I couldn’t go to gatherings for a while, and it was miserable and agonizing. I was longing for the day my wife stopped oppressing me so I could gather and do a duty normally. I was praying to God, asking Him to open up a path for me out of that situation. Later I remembered a hymn of God’s words.

1. The incarnate God undergoes all kinds of sneering, reviling, judgment, and condemnation. He is also pursued by the devil and is rejected and opposed by religious circles. No one can make up for this hurt in His heart! He saves corrupt mankind through extreme patience; He loves people with a bruised heart. This is the most painful work. Mankind’s ferocious resistance, condemnations and slanders, false accusations, persecutions and their hunting and slaughtering cause God’s flesh to face extreme dangers in doing this work. He suffers these pains, yet who can understand Him and who can comfort Him?

2. The Lord Jesus worked on the earth and lived for thirty-three and a half years. Only until after He was crucified, died, was resurrected and appeared to mankind for forty days was He relieved, thus concluding the painful years of living with mankind. However, God’s heart has always suffered this same kind of pain due to being worried about mankind’s destination. This pain cannot be understood by anyone, nor can it be borne by anyone. Since the beginning, all that the work of the incarnate flesh has revealed is love, the substance of His work is love; He has offered His all, His everything to mankind.

—Follow the Lamb and Sing New Songs, God Loves Man With Wounds

I was really moved when I thought over this hymn, and I could feel God’s love for man. God has suffered enormous pain and humiliation in both incarnations to save us! King Herod wanted to kill the Lord Jesus from the moment He was born, and after He started working He was mocked, slandered and condemned by the Pharisees. In the last days, Almighty God is taking risks thousands of times greater than in the Age of Grace, incarnating in the great red dragon’s lair to work and save mankind. He faces the Party’s pursuit and condemnation, the religious world’s rejection and slander. God bears all sorts of misery in silence in order to save us. Now that I’m following God, pursuing salvation, what does enduring that bit of suffering count for? I always said I wanted to love God, and I’d follow Him until the end through suffering and oppression, but I was lacking faith when I was in a real situation. Where was my testimony? Seeing that before I’d just understood literal doctrine, I felt really ashamed. I silently resolved that no matter what sort of oppression or hindrances I faced, I’d follow God until the end. In the following days, my wife just kept on obstructing me, dead-set on not giving up until she’d achieved her goal. But thanks to the guidance of God’s words, I didn’t feel as constrained anymore.

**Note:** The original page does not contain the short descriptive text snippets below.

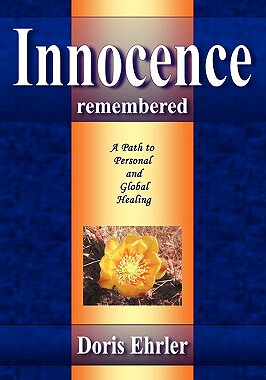 【预售】Innocence Remembered, a Path to Personal and Global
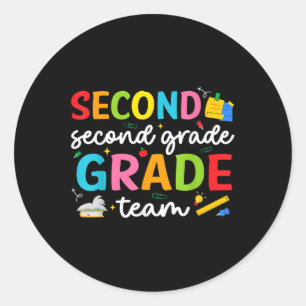Team Second Grade 2nd Grade Teacher Squad Back To  Classic Round Sticker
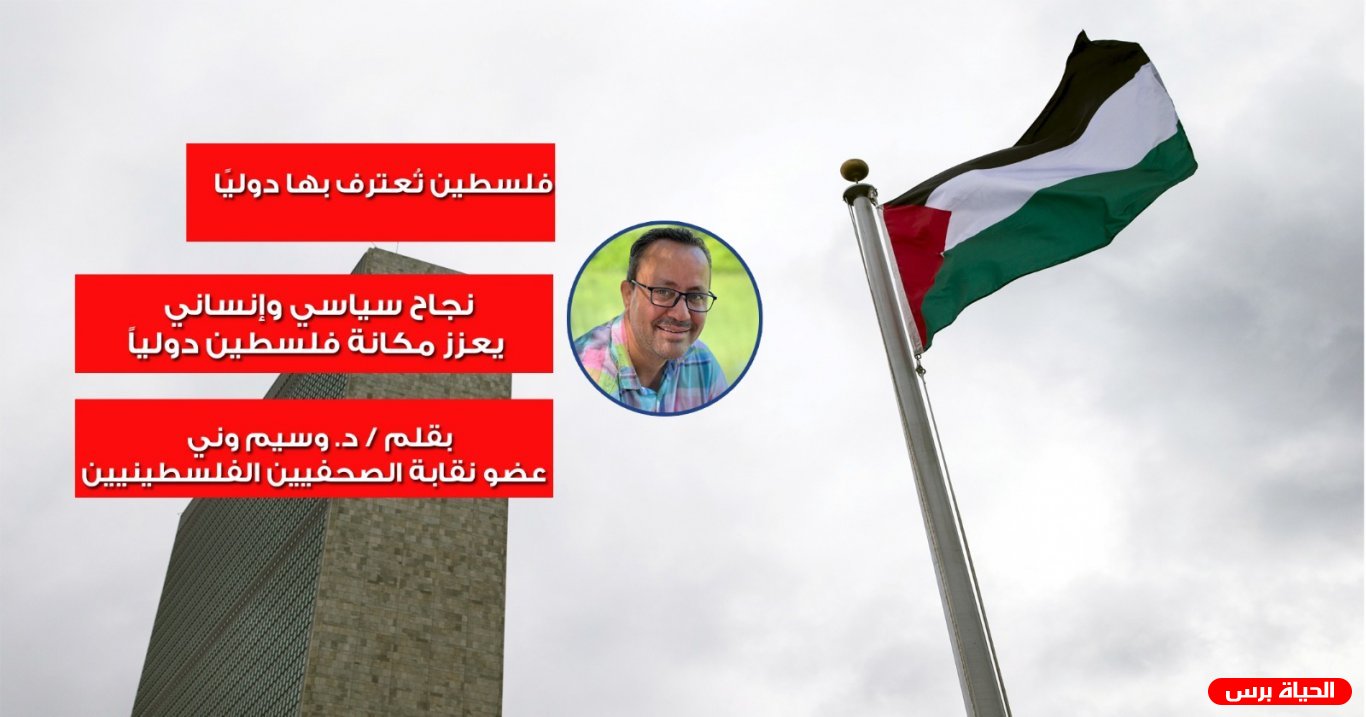 فلسطين تُعترف بها دوليًا : نجاح سياسي وإنساني يعزز مكانة فلسطين دولياً...بقلم د.وسيم وني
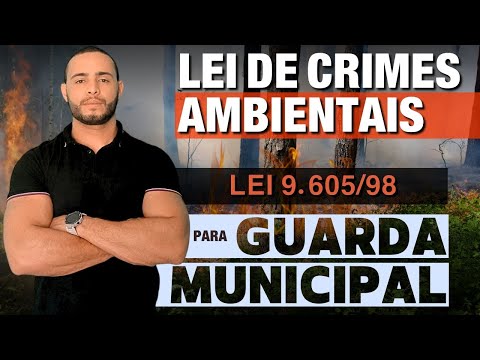 ENVIRONMENTAL CRIMES LAW - 9.605/98 | FOR MUNICIPAL GUARDS |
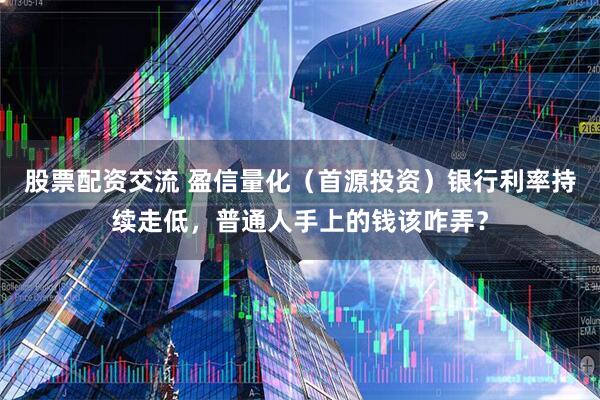 股票配资交流 盈信量化（首源投资）银行利率持续走低，普通人手上的钱该咋弄？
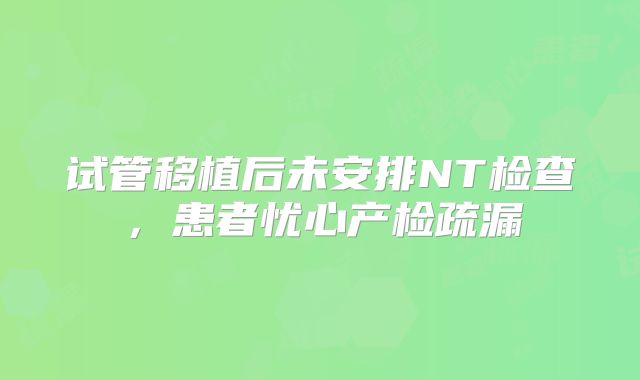 试管移植后未安排NT检查，患者忧心产检疏漏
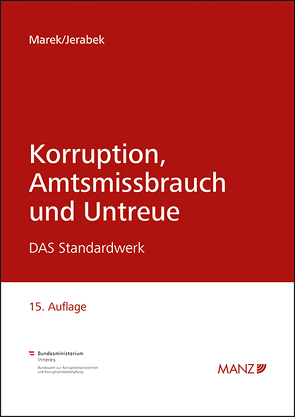 Korruption, Amtsmissbrauch und Untreue von Jerabek,  Robert, Marek,  Eva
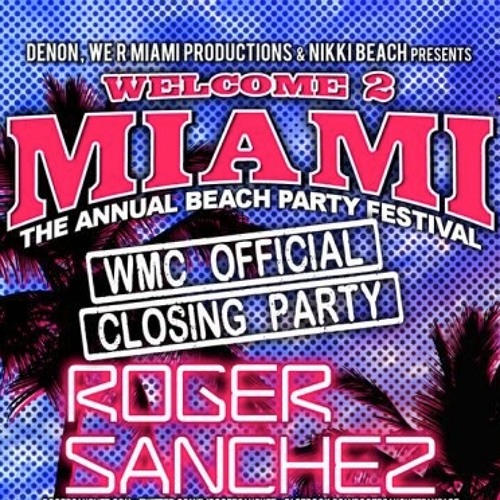 Roger Sanchez @ Welcome 2 Miami, Nikki Beach - March 24, 2013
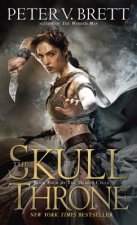 Skull Throne: Book Four of The Demon Cycle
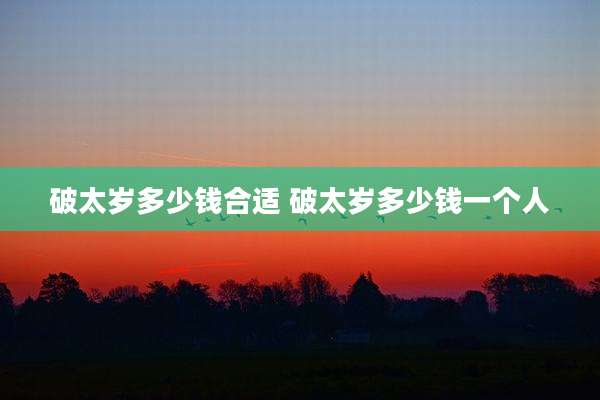 破太岁多少钱合适 破太岁多少钱一个人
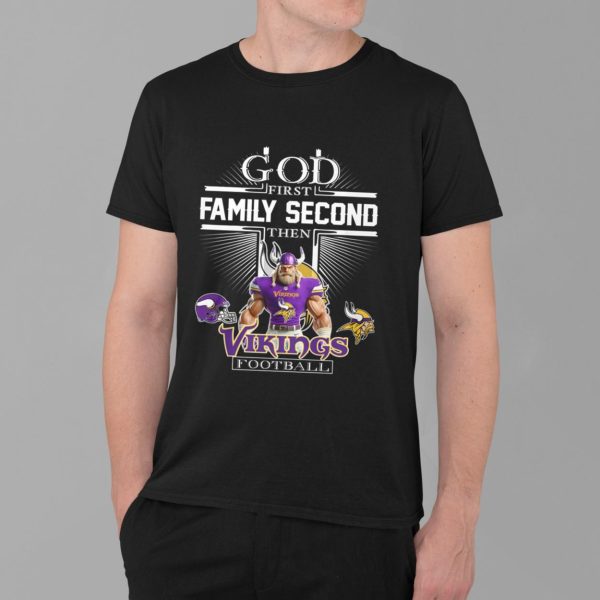 God First Family Second Then Vikings Football Shirt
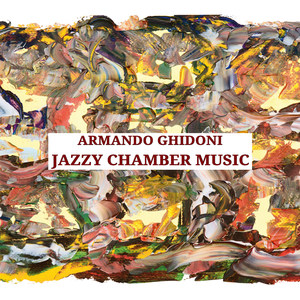 Ghidoni: Jazzy Chamber Music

A while later when I came home from work one day, I realized that my wife had found and destroyed a book of God’s words and some CDs of hymns that I’d hidden. Furious, I asked her, “Why did you destroy my book and CDs? You hate and oppose God so much, and even want to get the brothers and sisters arrested. You will be punished.” She said viciously, “I won’t let you believe even if I am punished!” She kept on making a scene, but seeing I wouldn’t listen, she said resentfully, “If you keep your faith I want a divorce!”

Hearing her say she wanted a divorce was upsetting. For our entire marriage, she’d always taken such great care of me, and over all those years we hardly ever fought. Everyone else really admired us. I felt some reluctance at the real prospect of divorce. Then I remembered something God said: “Believers and unbelievers are not compatible; rather, they are opposed to one another(The Word, Vol. 1. The Appearance and Work of God. God and Man Will Enter Into Rest Together). “Anyone who does not recognize God is an enemy; that is, anyone who does not recognize God incarnate—whether or not they are inside or outside this stream—is an antichrist! Who is Satan, who are demons, and who are God’s enemies if not resisters who do not believe in God?(The Word, Vol. 1. The Appearance and Work of God. God and Man Will Enter Into Rest Together). It’s true. Believers and unbelievers are two different types of people on two different paths. My faith is to pursue the truth and submit to God, to do the duty of a created being. Seeing that the Communist Party was arresting and persecuting believers, my wife went along with it, oppressing me. She even destroyed my book of God’s words and threatened to get believers arrested. Her essence was to hate God. Even though we were husband and wife, we were different kinds of people on different paths. She was determined to follow the Communist Party and resist God—she was of Satan. Since she wanted a divorce, I should respect her choice and then in the future no one would keep me from gathering and doing my duty. So I said resolutely, “You and I are not on the same path. Let’s each go our own way. We should divorce.” After I said that, she didn’t want a divorce anymore.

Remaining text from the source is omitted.